Yesterday’s announcement from right-leaning social-media platform Parler also included a statement attributed to Ye, who has not otherwise acknowledged the plan. “In a world where conservative opinions are considered to be controversial,” he is quoted as saying, “we have to make sure we have the right to freely express ourselves.” (A note of caution here in response to early coverage of this potential deal. Nothing is done yet, and we know very little about the shape or size of the proposed transaction, which involves some historically unreliable characters. It comes after weeks of unpredictable and especially self-destructive behavior by Ye, who has spoken frequently about his struggles with mental health.)

It’s a bizarre situation, to be sure, and one that not even the closest Ye-watchers saw coming. In a broad sense, though, it’s a story we’ve heard elsewhere recently: A powerful, unpredictable man with a significant presence on social media gets fed up with a platform and decides that the only solution is to own the place. Elon Musk is now mired in an incredibly messy bid for Twitter. Donald Trump did it, sort of, with Truth Social. As the account for the House Judiciary Committee Republicans cryptically posted just a couple of days before Ye’s post about “JEWISH PEOPLE”:

Musk’s plan was, and maybe still is, to buy actual Twitter, and Truth Social is best understood as a sort of bio-dome habitat for Trump posts, which have some sort of audience on and off the platform. Parler, on the other hand, is an undistinguished member of the broader class of “alt-tech” platforms that have sprung up over the last five years and experienced a miniature Cambrian explosion after Trump was banned from multiple major platforms, cumulatively raising hundreds of millions of dollars — much of which came from ideologically motivated investors.

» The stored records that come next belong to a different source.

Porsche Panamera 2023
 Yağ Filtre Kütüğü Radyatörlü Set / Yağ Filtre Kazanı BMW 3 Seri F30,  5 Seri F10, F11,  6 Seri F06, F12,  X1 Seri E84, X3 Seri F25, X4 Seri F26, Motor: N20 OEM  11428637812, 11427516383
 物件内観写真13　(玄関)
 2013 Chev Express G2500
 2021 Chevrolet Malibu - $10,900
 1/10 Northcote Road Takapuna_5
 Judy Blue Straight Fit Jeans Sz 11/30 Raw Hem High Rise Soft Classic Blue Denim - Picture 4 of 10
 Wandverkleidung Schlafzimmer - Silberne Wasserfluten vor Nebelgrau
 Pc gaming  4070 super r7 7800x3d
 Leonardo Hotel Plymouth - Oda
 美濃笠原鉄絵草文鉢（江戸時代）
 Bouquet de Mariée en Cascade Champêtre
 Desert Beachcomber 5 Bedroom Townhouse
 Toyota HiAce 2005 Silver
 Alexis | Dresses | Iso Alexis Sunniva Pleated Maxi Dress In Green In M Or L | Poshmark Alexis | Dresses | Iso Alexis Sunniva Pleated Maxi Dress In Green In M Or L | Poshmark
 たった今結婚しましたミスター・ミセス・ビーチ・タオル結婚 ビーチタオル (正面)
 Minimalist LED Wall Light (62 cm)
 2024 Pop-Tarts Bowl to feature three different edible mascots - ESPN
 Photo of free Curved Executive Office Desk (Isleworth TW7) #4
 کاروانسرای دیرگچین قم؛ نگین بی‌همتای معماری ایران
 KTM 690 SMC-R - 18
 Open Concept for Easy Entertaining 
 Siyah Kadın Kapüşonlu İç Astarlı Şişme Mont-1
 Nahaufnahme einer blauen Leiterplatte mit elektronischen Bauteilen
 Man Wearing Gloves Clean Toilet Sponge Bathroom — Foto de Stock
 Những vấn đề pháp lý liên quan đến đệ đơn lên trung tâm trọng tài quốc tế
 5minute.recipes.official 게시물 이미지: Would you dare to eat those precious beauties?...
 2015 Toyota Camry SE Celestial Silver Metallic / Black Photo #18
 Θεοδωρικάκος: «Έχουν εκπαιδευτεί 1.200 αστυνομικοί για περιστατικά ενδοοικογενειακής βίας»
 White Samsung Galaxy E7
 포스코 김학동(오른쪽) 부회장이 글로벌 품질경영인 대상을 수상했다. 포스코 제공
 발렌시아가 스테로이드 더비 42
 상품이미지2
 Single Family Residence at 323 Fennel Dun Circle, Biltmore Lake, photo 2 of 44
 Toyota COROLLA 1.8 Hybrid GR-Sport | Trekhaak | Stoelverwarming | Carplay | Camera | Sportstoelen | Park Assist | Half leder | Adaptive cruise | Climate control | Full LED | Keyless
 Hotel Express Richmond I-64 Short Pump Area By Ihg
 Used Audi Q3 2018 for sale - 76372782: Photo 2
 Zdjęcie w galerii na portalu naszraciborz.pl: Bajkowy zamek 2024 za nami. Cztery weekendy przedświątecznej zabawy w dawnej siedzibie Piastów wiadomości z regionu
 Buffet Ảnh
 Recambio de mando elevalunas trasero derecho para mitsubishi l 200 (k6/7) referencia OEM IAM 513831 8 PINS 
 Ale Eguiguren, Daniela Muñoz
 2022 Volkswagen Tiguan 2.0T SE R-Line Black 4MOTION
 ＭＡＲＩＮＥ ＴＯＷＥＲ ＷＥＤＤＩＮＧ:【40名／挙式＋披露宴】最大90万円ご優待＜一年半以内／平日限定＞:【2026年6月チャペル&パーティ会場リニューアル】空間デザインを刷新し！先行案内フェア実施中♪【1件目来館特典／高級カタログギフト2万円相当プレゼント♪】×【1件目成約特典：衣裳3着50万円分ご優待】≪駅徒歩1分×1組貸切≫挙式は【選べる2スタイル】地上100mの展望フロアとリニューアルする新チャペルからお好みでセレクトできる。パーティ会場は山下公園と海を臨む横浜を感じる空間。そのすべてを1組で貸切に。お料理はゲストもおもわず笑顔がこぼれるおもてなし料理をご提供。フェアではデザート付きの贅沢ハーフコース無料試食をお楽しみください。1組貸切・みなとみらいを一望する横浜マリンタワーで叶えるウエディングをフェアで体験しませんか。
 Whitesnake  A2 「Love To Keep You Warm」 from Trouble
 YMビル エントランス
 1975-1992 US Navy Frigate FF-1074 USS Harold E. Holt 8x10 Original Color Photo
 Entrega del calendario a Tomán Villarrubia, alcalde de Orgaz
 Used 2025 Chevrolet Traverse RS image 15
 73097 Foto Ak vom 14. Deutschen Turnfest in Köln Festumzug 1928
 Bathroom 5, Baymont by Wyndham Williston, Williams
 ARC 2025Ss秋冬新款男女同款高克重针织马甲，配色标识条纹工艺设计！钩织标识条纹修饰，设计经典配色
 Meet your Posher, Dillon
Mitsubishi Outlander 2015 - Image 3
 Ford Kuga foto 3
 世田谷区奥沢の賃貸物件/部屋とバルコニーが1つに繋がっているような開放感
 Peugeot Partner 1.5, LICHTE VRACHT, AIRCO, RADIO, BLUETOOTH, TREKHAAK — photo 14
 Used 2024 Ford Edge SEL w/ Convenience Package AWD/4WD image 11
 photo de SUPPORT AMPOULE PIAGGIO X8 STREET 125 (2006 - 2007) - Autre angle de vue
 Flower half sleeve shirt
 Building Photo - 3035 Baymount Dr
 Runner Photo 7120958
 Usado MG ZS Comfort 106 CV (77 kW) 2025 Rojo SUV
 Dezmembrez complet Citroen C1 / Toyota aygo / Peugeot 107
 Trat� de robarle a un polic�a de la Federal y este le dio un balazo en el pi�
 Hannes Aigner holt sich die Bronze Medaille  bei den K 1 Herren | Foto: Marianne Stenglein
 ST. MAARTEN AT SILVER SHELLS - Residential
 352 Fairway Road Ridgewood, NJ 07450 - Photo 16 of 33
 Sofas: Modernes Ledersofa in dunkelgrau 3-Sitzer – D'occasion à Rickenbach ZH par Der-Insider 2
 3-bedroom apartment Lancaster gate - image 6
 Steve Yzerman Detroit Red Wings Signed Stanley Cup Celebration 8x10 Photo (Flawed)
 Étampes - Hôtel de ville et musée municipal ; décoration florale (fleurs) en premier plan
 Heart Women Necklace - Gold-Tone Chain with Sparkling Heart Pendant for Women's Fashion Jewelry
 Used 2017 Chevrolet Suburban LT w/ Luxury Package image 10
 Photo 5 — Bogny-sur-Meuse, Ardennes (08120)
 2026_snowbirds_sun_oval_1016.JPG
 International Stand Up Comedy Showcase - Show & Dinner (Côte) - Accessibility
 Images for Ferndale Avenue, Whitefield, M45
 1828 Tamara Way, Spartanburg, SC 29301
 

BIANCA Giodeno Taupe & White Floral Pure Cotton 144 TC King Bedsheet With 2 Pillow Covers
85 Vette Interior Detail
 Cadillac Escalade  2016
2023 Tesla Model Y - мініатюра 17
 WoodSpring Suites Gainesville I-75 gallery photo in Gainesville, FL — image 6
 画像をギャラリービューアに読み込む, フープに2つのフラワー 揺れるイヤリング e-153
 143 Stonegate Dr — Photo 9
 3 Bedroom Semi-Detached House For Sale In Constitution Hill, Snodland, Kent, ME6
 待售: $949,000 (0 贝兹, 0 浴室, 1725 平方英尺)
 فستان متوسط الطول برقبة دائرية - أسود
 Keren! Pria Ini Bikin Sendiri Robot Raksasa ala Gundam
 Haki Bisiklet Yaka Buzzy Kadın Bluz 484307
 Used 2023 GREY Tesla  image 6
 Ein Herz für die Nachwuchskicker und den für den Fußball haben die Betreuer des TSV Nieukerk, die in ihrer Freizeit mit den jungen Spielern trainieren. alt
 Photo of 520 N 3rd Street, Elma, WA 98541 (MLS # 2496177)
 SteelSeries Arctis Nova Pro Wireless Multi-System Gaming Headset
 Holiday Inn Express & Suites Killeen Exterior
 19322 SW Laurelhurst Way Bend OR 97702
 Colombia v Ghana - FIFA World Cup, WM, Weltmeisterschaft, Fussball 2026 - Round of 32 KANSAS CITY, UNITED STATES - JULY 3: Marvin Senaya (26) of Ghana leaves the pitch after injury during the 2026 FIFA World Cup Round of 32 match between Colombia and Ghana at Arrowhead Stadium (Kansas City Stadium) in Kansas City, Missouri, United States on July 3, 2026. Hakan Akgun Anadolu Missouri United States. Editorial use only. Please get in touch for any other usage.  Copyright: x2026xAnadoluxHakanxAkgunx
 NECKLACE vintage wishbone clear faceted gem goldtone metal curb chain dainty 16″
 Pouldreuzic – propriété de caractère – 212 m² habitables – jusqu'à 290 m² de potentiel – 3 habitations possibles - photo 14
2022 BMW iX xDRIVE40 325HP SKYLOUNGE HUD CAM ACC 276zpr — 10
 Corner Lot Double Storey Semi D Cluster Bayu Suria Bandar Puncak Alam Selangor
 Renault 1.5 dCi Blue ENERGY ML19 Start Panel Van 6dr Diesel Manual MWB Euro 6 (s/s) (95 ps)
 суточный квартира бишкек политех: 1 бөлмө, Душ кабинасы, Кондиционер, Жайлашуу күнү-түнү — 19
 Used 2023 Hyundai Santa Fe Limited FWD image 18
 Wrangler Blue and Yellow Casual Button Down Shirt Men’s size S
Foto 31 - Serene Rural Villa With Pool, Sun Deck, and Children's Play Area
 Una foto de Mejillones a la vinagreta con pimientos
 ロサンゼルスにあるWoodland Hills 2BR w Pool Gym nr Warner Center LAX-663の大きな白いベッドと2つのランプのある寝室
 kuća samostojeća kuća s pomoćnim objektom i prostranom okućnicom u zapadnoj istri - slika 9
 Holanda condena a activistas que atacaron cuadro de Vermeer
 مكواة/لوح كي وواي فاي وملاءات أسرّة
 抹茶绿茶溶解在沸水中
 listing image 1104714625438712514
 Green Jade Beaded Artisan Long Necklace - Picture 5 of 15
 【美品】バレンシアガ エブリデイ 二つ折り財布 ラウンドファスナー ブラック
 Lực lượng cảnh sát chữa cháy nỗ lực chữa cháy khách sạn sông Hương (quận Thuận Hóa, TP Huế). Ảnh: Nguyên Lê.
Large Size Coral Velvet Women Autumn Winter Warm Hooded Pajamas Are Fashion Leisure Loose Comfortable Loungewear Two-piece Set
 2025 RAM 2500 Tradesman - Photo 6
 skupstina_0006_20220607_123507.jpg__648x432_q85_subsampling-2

Virtually all of these platforms — other examples include Gab, Gettr, and Rumble — have struggled to attract and retain large numbers of users. A common and fair critique of these platforms is that they never offer users what they truly enjoyed about Twitter: the experience and spectacle of conflict and a feeling, or at least a simulation, of mass movement. For staunch Trump supporters, Twitter was a place to feel, at turns (and sometimes in the space of a few seconds), empowered and aggrieved — like part of a rising movement with plans to take back the world as well as a member of a persecuted class constantly reminded of the existence of legions of evil quote-tweeting enemies.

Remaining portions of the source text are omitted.